Tracking the baddies is easy enough and there are stragglers and rearguard to deal with along the way. The obvious solution to the breaking into the camp problem is to steal uniforms but that could back fire. The camp itself is sketched out in the description, and you’ll have to read all of it to get your head round the layout. Again, the provided map look nice but is no actual use to DM or players.
Interesting to see, the named NPCs from the previous episode get portraits here. Better late than never I guess.
There’s a specific NPC to rescue in this episode, and he will need working up properly by the DM. You get no stats, or much more in the personality stakes. He appears to be reluctant to leave, and I wonder how best to play him so that a party won’t just get irritated and walk away. Sympathetic NPCs are a must to any plot driven scenario, and this fellow looks like he might be around for the long haul.

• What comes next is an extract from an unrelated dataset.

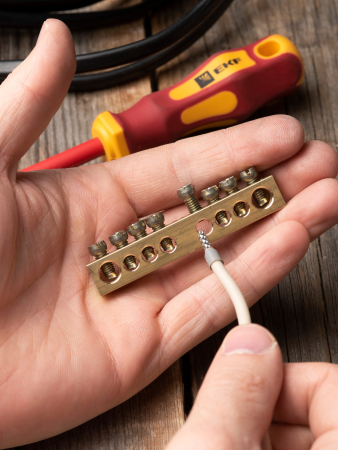 Шина PEN "ноль-земля" (8х12мм) 8 отверстий латунь крепеж по центру EKF PROxima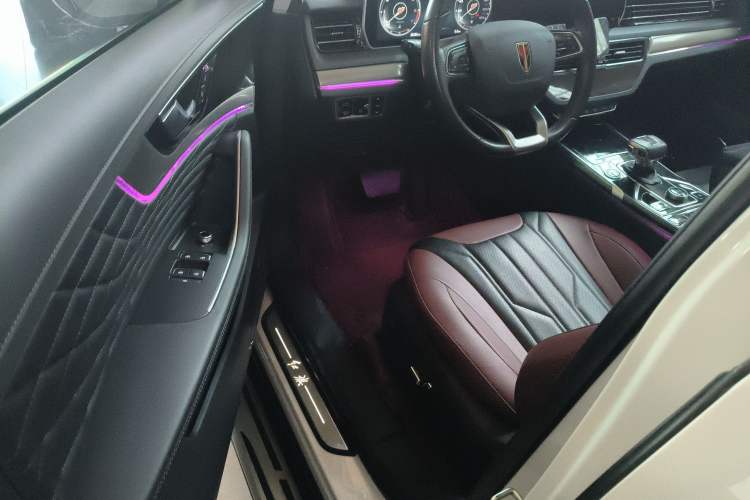 Used Hongqi HS5 2022 Revised Version 2.0T Smart Connect Flagship Edition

This is less of a combat scenario, and more of an info gathering behind enemy lines affair. As such, I’d have preferred there to be more mini events provided to spur interaction. I’d rather that, than the boilerplate skill DCs for climbing and stealth. To be honest, these things annoy me a little. Skill DCs are 10/15/20 for easy/medium/hard. There you are, I’ve memorised them from the rules. Why are these getting book space again and again when the NPCs and creatures are getting nothing extra beyond their name in bold? The adventure assumes you have the Monster Manual, yet repeats basic stuff from the PHB.
What I need from an adventure is to first of all DM me through the game so that I can be the middle man and then DM it to my group. The book has to paint me a clear picture first. Then, it has to be useful in play. What I’m getting from the first two episodes are sketches, that really needed stronger development to make them rock solid.
The omissions are startling (who are the leaders? I see names already, but I know nothing more) and all the more so when you know that it’s standard practice to provide an adventure overview these days. There’s one here, but it’s at too high a level to help me navigate the plot. Given that the possibility of interrogating hostile is so very high, that’s a bad editing choice.
Harking back to 4e, an edition let’s not forget with a poor reputation for it’s adventure material, at least it laid out its encounters in a handy at-a-glance format. You could read ahead three pages and get enough to run a session. This one needs study, and notes, and yes, imagination. Not a bad thing in and of itself, but it’s a steep ask of a time pressured DM who bought this perhaps hoping all that would be taken care of.
The plot is thickening, but my tolerance for the lack of DM assistance is thinning.